Is IG Markets in breach of its AFSL by suspending or terminating the accounts of clients who lodge complaints?
Summary: As detailed in prior posts, I complained to the Australian Financial Complaints Authority (AFCA) about the unfair terms of IG Markets automated close-out process for margin calls (30min timeframe even when you're asleep) and that it isn't clearly explained to new clients. Indeed, its fine print actually asserts IG can close your position out instantaneously with the equivalent of a 1.25% adverse price move (75% equity on 20 to 1 leverage) and no margin call notification whatsoever!

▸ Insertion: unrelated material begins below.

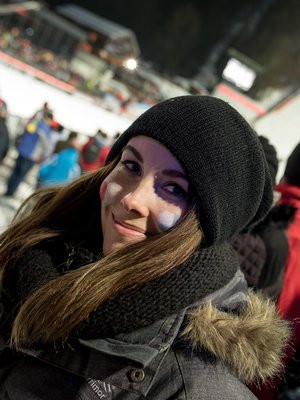 ”Yksi lapsuudenunelmani toteutui, kun pääsin katsomaan mäkihyppykilpailua paikan päälle Bischofshofeniin”, Anneli sanoo.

IG suspended my account after I lodged my AFCA complaint and published my first blog post about it. The AFCA Ombudsman found they were not entitled to do so and it was likely in breach of their AFSL licence conditions. They required IG to pay me $500 for this unjustified suspension. Despite receiving this verdict, IG Markets then terminated my account! (Presumably thinking it was now safe from further scrutiny as the Ombudsman had finalised their decision.)

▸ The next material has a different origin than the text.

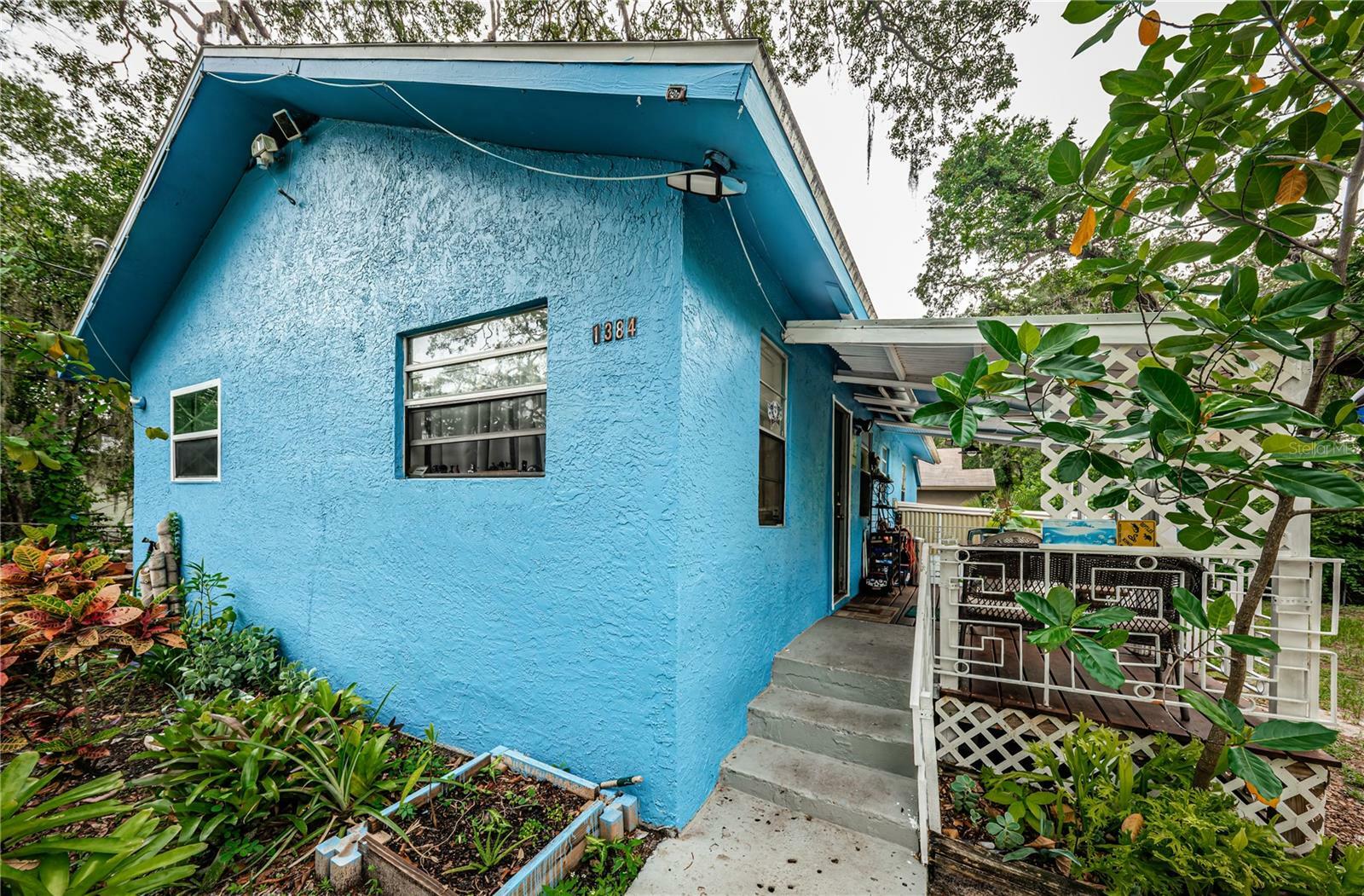 Property Photo:  1384 S Madison Avenue  FL 33756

I have accepted IG Markets terms and conditions and done nothing whatsoever to breach them. It is not a breach of their terms to lodge a complaint or publish facts about it for the public to read. The AFCA has advised that as the initial complaint has been closed I need to lodge a new complaint about the termination. So that's what I'll be doing.
In this post I will be collating relevant details explaining why AFSL holders should not be allowed to suspend or terminate accounts of clients who lodge complaints and have not violated any term of their agreement. If Australian government and agency regulators allow this retaliatory practice it means more financial harm will be visited on Australians.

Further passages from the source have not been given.